生き残る仕事は社会的知能(Social Intelligence; SI; ソーシャル・インテリジェンス)や創造性を発揮する仕事だという。

Six Seconds社が思索、探索を重ねているのはこの社会的知能の中の「感情と思考を適切にブレンドする感情知能」である。
このシリーズではEI(エモーショナル・インテリジェンス; EQ) の文脈からすこし話を進めてみたい。

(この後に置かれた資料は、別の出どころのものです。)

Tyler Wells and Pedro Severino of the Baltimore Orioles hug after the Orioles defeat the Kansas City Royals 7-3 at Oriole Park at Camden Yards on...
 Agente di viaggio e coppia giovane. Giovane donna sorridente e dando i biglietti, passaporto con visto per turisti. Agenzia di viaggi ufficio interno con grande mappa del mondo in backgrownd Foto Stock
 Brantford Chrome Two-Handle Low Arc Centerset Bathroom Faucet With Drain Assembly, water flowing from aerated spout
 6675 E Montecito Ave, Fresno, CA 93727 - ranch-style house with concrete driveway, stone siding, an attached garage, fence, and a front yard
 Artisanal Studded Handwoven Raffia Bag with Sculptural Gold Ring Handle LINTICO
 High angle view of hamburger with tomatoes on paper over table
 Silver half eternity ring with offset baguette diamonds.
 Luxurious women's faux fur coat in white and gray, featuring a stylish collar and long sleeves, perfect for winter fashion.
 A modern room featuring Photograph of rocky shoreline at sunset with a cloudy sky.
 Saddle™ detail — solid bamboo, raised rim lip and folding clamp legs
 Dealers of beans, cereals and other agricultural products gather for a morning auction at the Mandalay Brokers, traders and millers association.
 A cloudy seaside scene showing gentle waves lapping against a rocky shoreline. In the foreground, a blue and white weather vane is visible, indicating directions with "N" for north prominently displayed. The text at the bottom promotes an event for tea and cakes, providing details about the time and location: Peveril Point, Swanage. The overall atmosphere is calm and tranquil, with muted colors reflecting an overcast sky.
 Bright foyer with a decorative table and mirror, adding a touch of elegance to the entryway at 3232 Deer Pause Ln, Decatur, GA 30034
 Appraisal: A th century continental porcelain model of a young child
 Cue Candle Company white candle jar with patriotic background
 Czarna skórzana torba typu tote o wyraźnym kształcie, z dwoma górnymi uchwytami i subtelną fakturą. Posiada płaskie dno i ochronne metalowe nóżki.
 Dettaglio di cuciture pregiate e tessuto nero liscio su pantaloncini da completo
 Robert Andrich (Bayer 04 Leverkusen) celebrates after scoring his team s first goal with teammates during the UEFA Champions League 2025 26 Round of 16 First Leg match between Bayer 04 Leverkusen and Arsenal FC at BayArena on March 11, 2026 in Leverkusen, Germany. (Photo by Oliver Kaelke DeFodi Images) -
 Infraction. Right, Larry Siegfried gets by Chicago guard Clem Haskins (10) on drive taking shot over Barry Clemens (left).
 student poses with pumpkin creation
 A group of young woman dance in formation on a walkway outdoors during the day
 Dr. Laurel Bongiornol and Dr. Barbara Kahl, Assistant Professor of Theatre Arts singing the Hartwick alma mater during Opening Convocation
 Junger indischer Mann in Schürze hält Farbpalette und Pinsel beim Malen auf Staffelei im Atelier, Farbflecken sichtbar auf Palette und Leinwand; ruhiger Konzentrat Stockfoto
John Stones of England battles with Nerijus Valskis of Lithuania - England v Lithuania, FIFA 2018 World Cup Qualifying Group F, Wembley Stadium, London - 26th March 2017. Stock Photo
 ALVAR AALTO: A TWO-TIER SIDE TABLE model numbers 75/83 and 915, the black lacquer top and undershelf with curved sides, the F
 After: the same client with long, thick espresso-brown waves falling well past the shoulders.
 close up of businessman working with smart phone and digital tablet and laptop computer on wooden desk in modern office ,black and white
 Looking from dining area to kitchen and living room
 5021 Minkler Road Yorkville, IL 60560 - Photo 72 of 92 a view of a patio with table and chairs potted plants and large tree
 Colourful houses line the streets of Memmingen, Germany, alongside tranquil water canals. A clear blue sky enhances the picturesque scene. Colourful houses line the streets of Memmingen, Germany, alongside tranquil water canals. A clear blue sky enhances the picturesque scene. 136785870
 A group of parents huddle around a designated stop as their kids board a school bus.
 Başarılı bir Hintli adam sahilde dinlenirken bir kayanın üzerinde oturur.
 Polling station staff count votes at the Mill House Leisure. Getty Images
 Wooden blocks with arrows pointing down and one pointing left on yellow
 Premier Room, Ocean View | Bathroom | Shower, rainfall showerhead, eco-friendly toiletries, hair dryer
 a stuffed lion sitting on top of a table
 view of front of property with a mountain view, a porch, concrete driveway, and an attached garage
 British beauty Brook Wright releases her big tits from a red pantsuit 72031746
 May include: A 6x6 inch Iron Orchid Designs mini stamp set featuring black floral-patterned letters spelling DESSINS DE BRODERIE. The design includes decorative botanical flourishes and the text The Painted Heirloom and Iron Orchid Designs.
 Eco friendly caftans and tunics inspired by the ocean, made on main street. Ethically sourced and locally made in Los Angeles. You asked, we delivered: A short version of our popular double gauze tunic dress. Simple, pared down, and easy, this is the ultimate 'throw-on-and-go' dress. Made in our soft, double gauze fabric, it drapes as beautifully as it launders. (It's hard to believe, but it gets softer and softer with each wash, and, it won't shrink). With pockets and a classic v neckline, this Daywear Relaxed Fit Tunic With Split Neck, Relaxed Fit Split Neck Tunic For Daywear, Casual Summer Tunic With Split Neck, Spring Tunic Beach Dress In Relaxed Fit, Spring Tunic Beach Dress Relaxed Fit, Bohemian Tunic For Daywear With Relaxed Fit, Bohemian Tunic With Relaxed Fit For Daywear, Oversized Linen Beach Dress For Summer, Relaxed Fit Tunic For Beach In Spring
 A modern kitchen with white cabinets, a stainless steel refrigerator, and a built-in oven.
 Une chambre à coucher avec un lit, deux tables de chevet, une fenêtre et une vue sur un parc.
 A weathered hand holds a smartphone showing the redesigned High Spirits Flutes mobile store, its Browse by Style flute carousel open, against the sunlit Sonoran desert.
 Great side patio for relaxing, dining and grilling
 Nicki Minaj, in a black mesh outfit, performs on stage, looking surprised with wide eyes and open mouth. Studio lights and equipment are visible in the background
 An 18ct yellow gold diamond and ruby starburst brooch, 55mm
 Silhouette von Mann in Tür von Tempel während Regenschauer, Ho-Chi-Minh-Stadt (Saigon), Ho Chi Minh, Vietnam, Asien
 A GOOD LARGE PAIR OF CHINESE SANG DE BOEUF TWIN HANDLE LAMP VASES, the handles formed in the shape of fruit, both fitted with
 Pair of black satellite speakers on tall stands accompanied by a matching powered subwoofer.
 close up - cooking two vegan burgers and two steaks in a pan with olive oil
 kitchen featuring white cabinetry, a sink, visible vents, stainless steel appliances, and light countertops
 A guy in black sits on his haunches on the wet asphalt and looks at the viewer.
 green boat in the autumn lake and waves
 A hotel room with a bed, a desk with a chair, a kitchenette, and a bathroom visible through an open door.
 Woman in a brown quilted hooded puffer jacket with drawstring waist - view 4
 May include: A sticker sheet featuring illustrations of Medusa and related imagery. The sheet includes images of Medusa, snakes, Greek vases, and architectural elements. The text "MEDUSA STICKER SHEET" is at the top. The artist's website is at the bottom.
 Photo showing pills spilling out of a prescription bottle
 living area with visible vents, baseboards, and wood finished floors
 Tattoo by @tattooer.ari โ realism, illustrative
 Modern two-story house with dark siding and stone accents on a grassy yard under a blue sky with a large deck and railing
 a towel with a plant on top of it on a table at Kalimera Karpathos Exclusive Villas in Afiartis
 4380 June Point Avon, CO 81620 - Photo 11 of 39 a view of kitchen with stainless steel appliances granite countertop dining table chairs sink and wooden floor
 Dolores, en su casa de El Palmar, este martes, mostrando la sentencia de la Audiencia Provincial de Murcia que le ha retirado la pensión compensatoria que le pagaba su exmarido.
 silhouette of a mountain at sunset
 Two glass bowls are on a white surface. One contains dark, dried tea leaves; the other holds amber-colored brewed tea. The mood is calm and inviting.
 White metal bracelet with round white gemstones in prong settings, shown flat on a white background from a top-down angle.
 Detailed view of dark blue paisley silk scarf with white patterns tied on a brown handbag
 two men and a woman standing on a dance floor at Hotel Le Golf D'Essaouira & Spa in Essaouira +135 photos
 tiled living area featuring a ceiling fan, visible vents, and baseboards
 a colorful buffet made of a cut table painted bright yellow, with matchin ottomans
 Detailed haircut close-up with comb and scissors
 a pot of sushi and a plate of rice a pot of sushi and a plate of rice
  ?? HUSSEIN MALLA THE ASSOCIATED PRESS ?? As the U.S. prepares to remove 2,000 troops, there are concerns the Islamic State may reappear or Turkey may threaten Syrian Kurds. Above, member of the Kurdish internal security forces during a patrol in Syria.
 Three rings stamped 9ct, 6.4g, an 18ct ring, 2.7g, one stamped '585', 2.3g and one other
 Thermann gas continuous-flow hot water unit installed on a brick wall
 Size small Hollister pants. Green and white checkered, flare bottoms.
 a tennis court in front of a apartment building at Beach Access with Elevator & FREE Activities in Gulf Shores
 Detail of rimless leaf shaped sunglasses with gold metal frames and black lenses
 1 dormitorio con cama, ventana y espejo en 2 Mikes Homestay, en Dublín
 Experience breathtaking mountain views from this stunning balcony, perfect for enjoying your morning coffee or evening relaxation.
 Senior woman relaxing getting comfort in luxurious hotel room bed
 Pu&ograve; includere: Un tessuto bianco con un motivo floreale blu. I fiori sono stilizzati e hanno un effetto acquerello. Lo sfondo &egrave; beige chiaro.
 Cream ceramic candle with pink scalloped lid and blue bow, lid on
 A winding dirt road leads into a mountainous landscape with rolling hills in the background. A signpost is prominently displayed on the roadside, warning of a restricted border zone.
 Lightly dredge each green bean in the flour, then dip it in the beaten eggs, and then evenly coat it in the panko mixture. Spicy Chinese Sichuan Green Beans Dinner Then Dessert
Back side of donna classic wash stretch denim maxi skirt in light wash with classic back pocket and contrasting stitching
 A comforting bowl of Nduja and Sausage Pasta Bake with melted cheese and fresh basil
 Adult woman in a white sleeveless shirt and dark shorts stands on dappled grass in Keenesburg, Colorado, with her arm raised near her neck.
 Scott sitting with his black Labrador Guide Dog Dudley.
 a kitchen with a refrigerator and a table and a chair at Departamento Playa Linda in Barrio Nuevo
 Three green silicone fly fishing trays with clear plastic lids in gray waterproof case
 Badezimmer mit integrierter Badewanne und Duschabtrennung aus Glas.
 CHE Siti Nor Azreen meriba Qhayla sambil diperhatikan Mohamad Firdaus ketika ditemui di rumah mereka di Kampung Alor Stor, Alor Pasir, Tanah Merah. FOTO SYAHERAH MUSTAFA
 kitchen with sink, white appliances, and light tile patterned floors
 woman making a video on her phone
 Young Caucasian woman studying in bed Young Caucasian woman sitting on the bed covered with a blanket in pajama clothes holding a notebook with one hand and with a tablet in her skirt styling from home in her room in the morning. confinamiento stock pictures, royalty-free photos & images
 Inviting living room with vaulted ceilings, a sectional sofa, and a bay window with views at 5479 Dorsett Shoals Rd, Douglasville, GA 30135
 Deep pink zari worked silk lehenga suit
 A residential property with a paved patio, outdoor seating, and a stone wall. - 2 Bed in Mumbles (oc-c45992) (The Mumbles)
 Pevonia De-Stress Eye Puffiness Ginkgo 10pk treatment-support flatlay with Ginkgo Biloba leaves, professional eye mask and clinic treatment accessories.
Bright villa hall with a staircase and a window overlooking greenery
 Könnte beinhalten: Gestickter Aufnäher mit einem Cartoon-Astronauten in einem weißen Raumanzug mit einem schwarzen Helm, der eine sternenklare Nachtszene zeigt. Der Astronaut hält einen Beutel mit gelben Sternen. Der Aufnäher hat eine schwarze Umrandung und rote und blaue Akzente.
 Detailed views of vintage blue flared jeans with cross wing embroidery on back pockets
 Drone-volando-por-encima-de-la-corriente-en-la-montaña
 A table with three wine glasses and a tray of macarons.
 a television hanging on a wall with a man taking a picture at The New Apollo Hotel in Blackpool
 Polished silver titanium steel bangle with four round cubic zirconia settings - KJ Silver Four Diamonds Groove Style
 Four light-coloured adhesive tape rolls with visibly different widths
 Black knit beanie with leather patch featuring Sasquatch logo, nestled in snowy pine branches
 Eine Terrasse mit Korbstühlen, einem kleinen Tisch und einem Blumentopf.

今回は、ソニー社が新型ロボットAIBOを発売した1月11日に見た夢からだ。

 

そこはとある老人ホーム。昼時だった。
昼食をとっているのはコウイチさん(男性:84歳)、
食事介助をしているのは最新AIを搭載した人型ロボットのサクラだ。

サクラの仕事はアイカメラから入るコウイチさんの動きや表情を解析しながら、
食事のペースを勘案しながら完食させることだ。

少し認知症が入ったコウイチさんは、昨日からコウイチさんにアサインされたサクラを気に入っている。
好みのルックスだけではなく、自分のペースに合わせて食事を口に運んでくれるからだ。

オッと、コウイチとサクラの会話が始まった。
「今日もいい天気だね。」
 「ハイ、今日は晴天です。」
「今週はこんな日が続くのかね」
 「ハイ、今週の天気をインターネットで検索してみました。どの情報も今週は晴天が続くとのことです。」
「ところで、最近〇〇さんの顔を見なくなったのだが、どうしたかな」
 「ハイ、〇〇さんの件については守秘義務がありますので答えられません。」
「・・・」

「ところで、サクラちゃんには好きな男性タイプなんているの」
 「ハイ、男性の分類手法は知っています。」
「そうじゃなくて、サクラちゃんの好きなタイプだよ」
 「言っていることがよくわかりません」
「・・・」

「オッ、テレビで陸上競技をやっているね。」

「ハイ、高校総体です。~時までの放送です。放送内容は100M競争、砲丸投げ、棒高跳びと続きます。」
「・・・」
「・・・」

「俺ね、むかし陸上の選手だったんだ。」
 「ソウデスカ」
「うちのあたりでは結構脚が早くて、俺は”韋駄天のコウイチ”なんて言われてたんだよ。」
 「ソウデスカ」
「そういえば、高校総体にも出たな」

サクラはインターネットを検索し始めた。そして答えた。
 「高校総体は昭和38年から始まりましたから、コウイチさんは出ているはずがありません。」

「アッ、違った。高校選手権だったかな・・・」
 「過去の陸上競技全国大会の参加者を100年分調べましたが、コウイチさんの名前はどこにも見つかりませんでした。」
「アッ、県大会だったのかな。とにかく俺は入賞したんだ。」
 「記録が見つかりません」
「とにかく俺は脚が速かったんだ!”韋駄天のコウイチ”って呼ばれてたんだ!」
 「ソレガドウカシタンデスカ」
「・・・・・・」

この会話以来コウイチさんはすっかり、サクラが嫌いになってしまった。
「できたら俺の話を黙って聞いてくれる相手にしてくれないか」と心の中でつぶやいている。

『だまされたフリ』
『聞こえなかったフリ』
『知らなかったフリ』

これらは人間関係を豊かにし、味わいのあるものにするスキル。
私たちに備わっている素晴らしい知性であり知能であるEI(エモーショナル・インテリジェンス; EQ) 

「AI普及の時代に生きるからこそEIを多いに大いに活用していきたいな」
「皆様にもEIの有益性を伝えていきたいな」

と思って目が覚めた。

ラジオからはプラターズの「グレートプリテンダー」が流れていた。